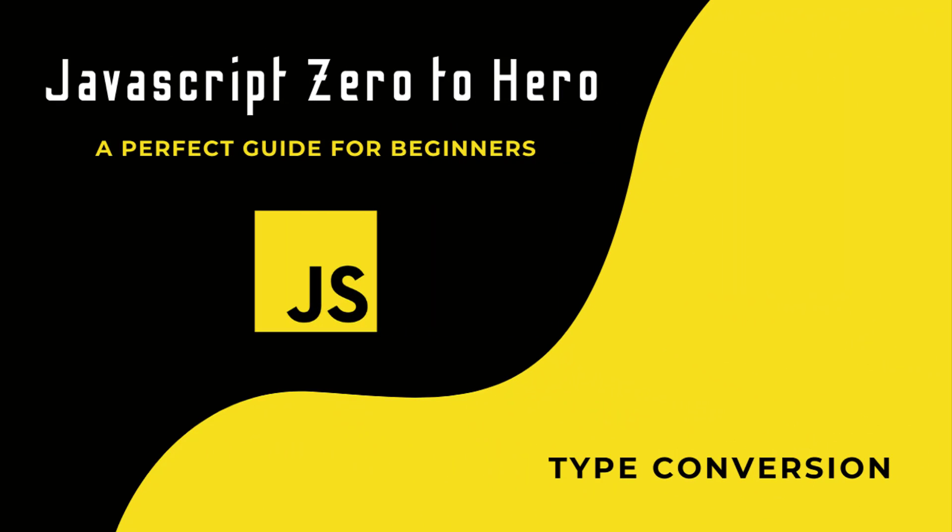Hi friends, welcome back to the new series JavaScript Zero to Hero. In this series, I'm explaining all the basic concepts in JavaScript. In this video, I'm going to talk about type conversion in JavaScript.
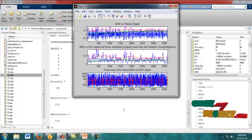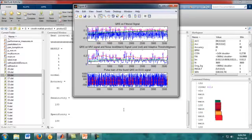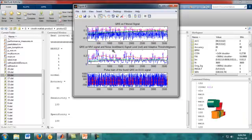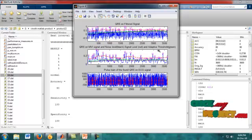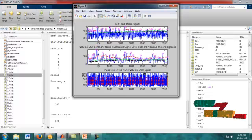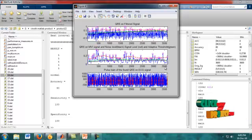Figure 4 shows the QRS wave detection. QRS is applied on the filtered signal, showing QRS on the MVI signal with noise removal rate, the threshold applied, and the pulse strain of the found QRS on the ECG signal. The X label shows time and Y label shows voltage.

------------------------------------

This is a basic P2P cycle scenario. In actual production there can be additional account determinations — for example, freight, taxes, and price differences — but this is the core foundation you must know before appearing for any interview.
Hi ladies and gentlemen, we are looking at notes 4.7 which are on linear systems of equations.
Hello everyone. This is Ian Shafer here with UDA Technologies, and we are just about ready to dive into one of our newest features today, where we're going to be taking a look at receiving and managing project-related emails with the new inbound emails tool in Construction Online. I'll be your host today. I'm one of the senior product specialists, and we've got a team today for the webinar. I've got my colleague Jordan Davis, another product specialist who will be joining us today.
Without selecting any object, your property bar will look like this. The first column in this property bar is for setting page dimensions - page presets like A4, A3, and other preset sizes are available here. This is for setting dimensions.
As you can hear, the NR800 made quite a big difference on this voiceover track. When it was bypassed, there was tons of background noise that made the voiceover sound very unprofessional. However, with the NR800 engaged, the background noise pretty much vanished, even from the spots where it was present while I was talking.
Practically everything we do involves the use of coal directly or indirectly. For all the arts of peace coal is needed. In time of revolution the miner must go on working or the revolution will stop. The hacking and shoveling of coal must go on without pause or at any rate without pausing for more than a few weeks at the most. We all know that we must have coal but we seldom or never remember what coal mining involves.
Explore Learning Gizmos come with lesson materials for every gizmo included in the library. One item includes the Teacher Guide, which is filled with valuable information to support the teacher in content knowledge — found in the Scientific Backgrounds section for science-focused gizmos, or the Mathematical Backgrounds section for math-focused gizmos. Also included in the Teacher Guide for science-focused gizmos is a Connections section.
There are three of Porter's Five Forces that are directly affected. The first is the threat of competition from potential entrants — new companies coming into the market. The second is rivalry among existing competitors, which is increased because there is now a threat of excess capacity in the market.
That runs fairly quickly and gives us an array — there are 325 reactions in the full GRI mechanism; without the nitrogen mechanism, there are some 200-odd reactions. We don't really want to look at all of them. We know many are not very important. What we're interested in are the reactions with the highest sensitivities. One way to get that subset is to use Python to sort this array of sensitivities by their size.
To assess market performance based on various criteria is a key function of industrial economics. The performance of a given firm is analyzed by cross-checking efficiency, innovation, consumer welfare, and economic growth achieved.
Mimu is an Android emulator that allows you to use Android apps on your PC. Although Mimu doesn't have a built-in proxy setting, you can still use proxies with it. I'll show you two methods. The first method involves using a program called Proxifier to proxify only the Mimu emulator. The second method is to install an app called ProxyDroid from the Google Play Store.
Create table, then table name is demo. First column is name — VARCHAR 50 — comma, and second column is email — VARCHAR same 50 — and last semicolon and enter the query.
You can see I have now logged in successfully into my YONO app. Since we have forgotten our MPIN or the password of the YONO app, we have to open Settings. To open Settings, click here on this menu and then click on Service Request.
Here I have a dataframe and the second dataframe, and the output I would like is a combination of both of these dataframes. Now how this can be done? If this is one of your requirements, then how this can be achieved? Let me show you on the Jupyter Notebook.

------------------------------------

» **Problem to work on**:
Above this task is a listing. Restate, word for word and with nothing added, the lines from the one with "Hello everyone. This" through the one with "Without selecting any".

» **Solution to this task**:
Hello everyone. This is Ian Shafer here with UDA Technologies, and we are just about ready to dive into one of our newest features today, where we're going to be taking a look at receiving and managing project-related emails with the new inbound emails tool in Construction Online. I'll be your host today. I'm one of the senior product specialists, and we've got a team today for the webinar. I've got my colleague Jordan Davis, another product specialist who will be joining us today.
Without selecting any object, your property bar will look like this. The first column in this property bar is for setting page dimensions - page presets like A4, A3, and other preset sizes are available here. This is for setting dimensions.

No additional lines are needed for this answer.